Dalsze działania protekcjonistyczne podejmowane przez partnerów handlowych mogą zakłócić handel światowy, wywierając presję na bardzo otwartą gospodarkę UE.
| Gospodarka strefy euro wpada w techniczną recesję (źródło: Reuters) |
Komisja Europejska (KE) prognozowała 15 listopada, że wzrost gospodarczy strefy euro nieznacznie wzrośnie z 0,8% w 2024 r. do 1,3% w 2025 r., a inflacja będzie nadal spadać z 2,4% do 2,1%.
Komisja Europejska wskazała jednak również na zagrożenia wynikające z napięć geopolitycznych , a także niskiego poziomu inwestycji i wysokich kosztów utrzymania. Oczekuje się, że Niemcy, największa gospodarka bloku, pozostaną w stagnacji.
Gospodarka strefy euro systematycznie się odradza, a wzrost gospodarczy ma jeszcze przyspieszyć w przyszłym roku. Nadal jednak istnieją długoterminowe wyzwania strukturalne, którymi trzeba się zająć w obliczu obecnej niepewności geopolitycznej – powiedział wiceprzewodniczący KE Valdis Dombrovskis.

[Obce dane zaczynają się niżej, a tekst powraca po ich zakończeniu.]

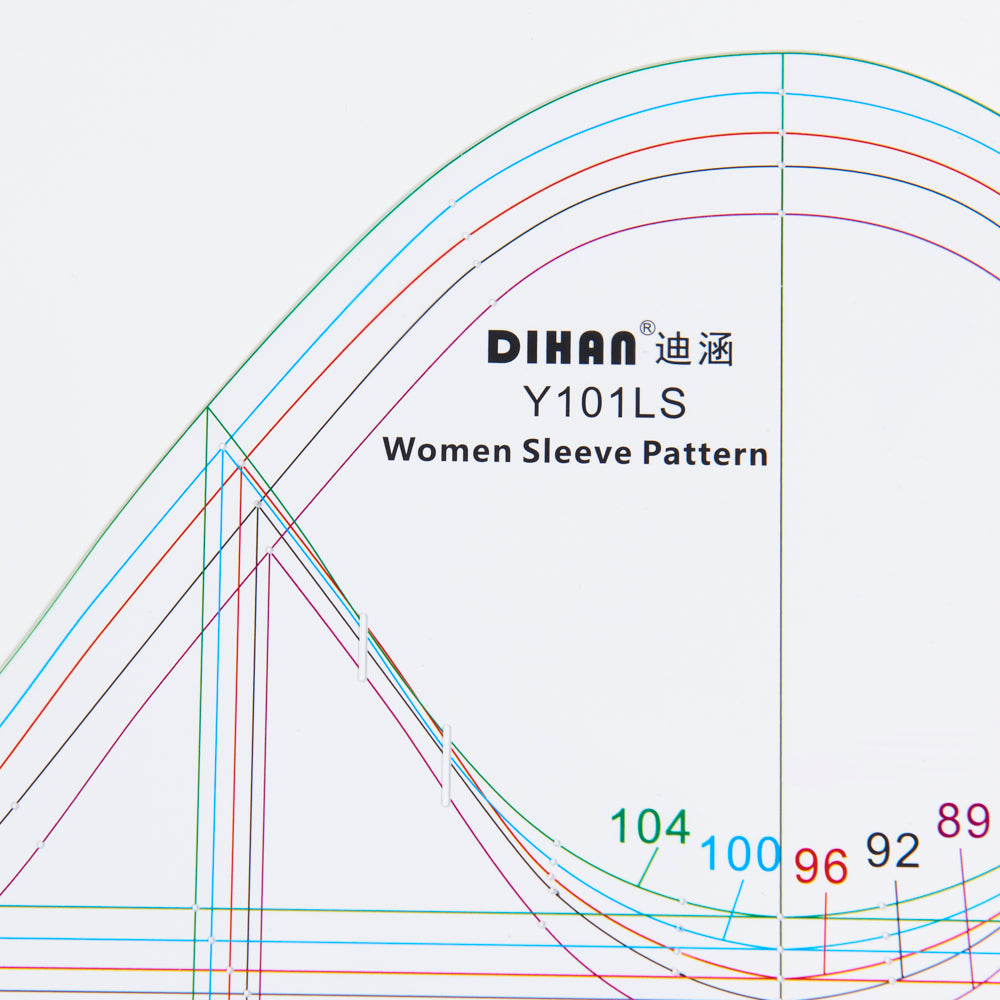 Clocore L Size Pattern Making Sewing Ruler 1:1 Fashion Women Prototype Full Scale Cloth Design Rulers Template Basic Sewing Pattern Y101LS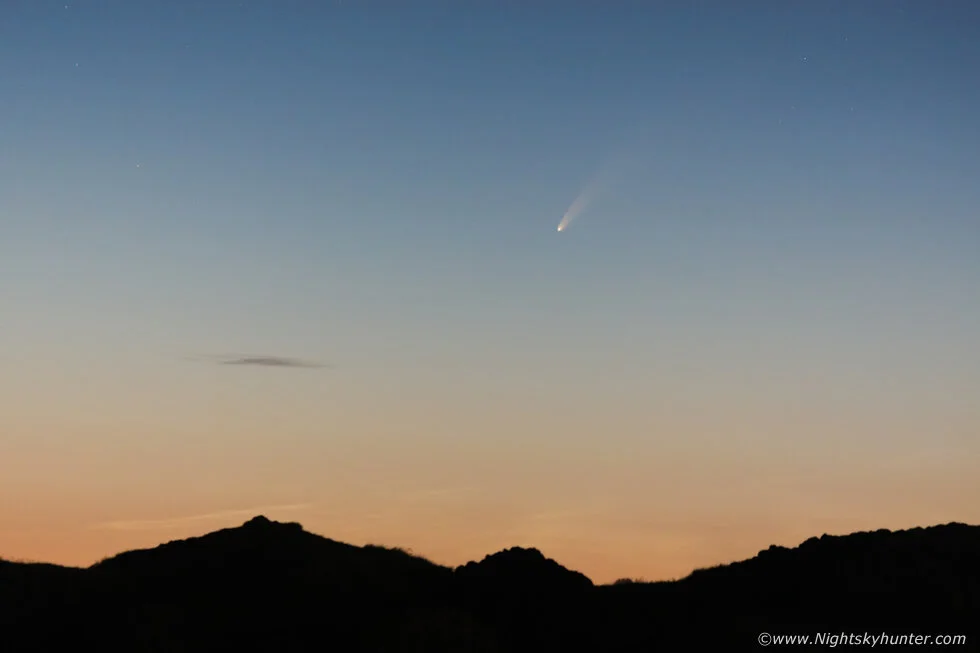 The brightest comet in over 20 years Neowise now visible in Irish skies to the naked Eye 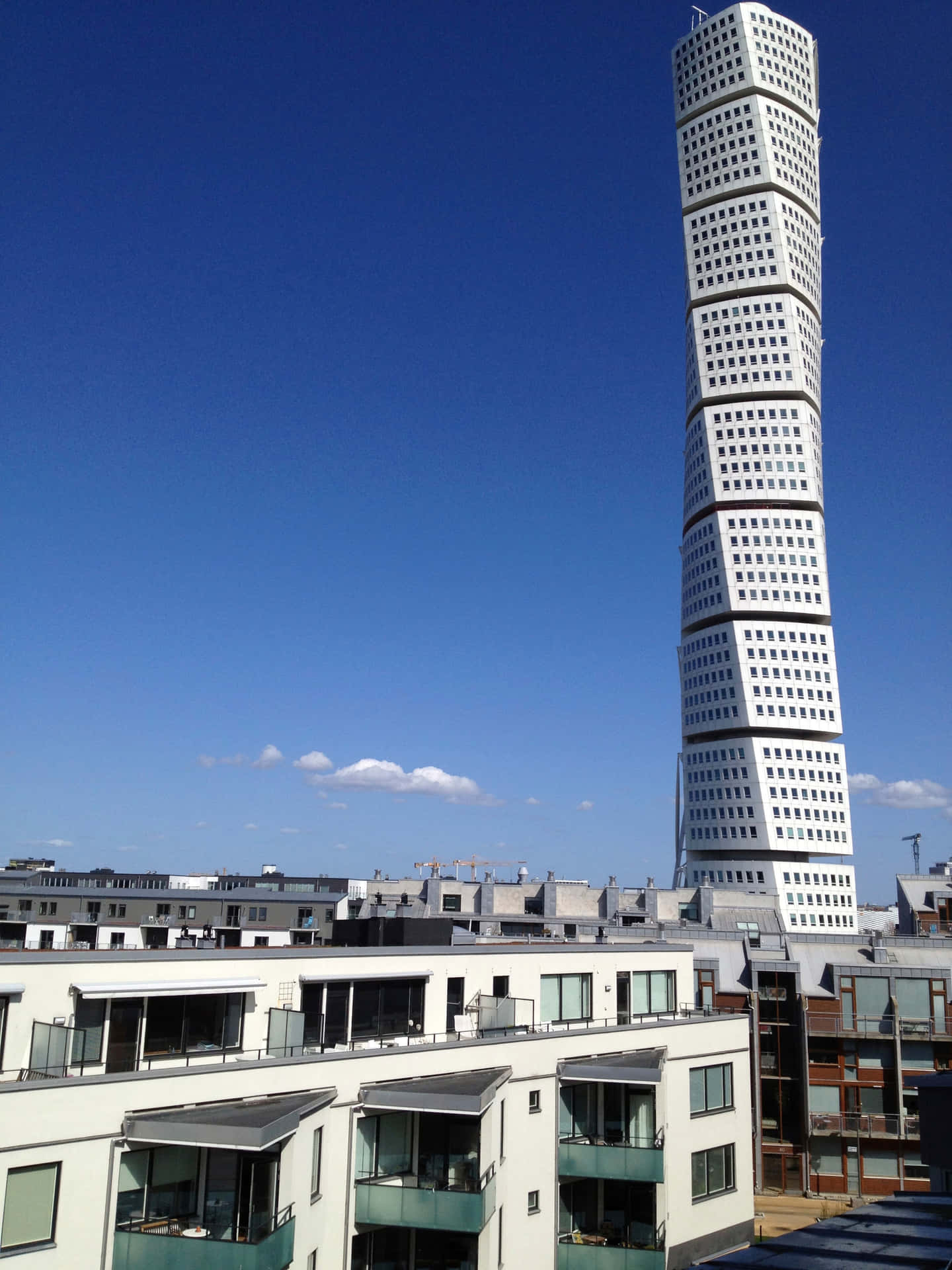 Majestic View Of The Turning Torso Skyscraper, Sweden Background
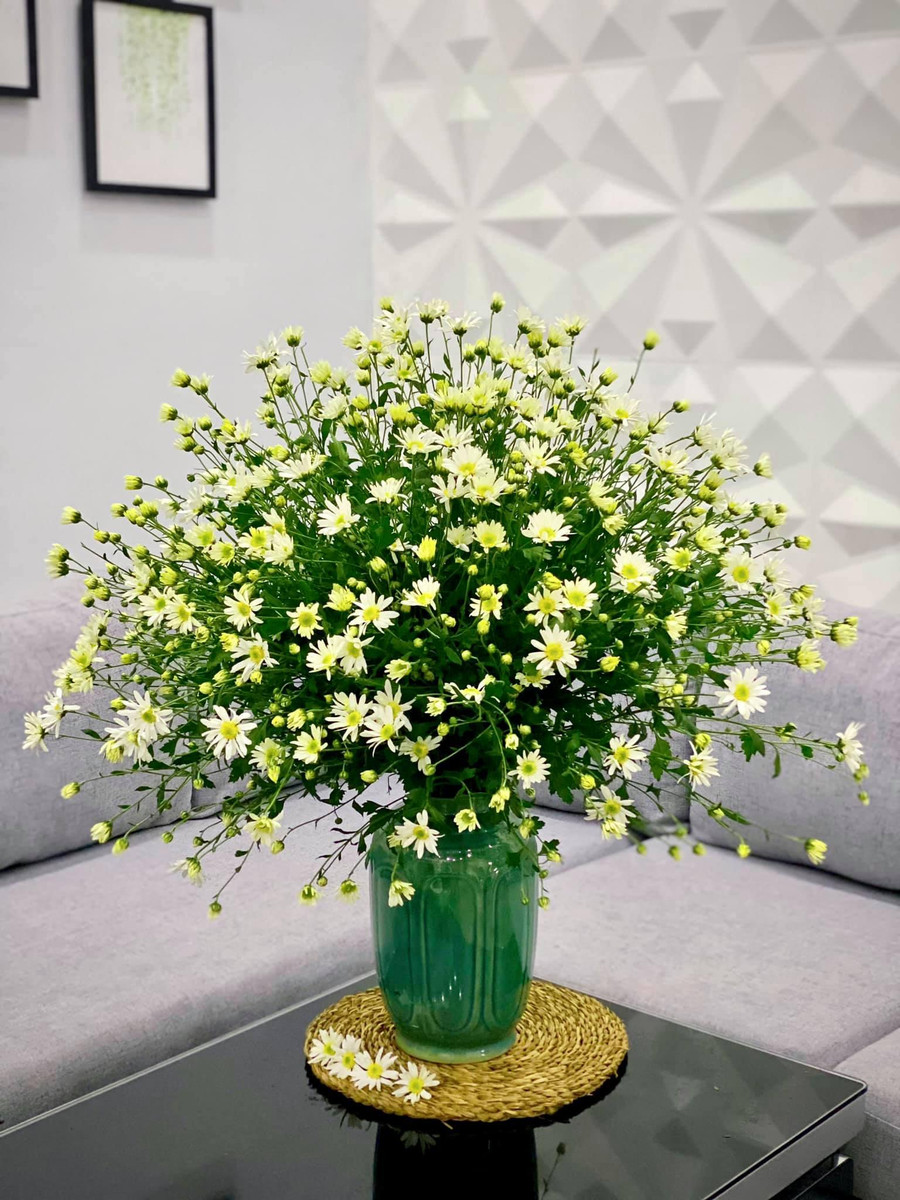 Mẹ 8X Hà thành gợi ý cắm cúc hoạ mi đẹp không bị rối bông, không dùng xốp ảnh 8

Agencja poinformowała, że oczekuje się ożywienia zarówno popytu konsumpcyjnego, jak i inwestycji. Dzięki poprawie siły nabywczej i niższym stopom procentowym konsumpcja będzie nadal rosła. Oczekuje się wzrostu inwestycji dzięki silnym bilansom przedsiębiorstw, wyższym zyskom i korzystniejszym warunkom kredytowym.
Tymczasem inflacja w strefie euro spadła znacząco w ciągu ostatnich dwóch lat, wzrastając do 8,4% w 2022 r. z powodu konfliktu rosyjsko-ukraińskiego.
Jednocześnie stopa bezrobocia w Unii Europejskiej (UE) spadła w październiku 2024 r. do rekordowo niskiego poziomu 5,9%.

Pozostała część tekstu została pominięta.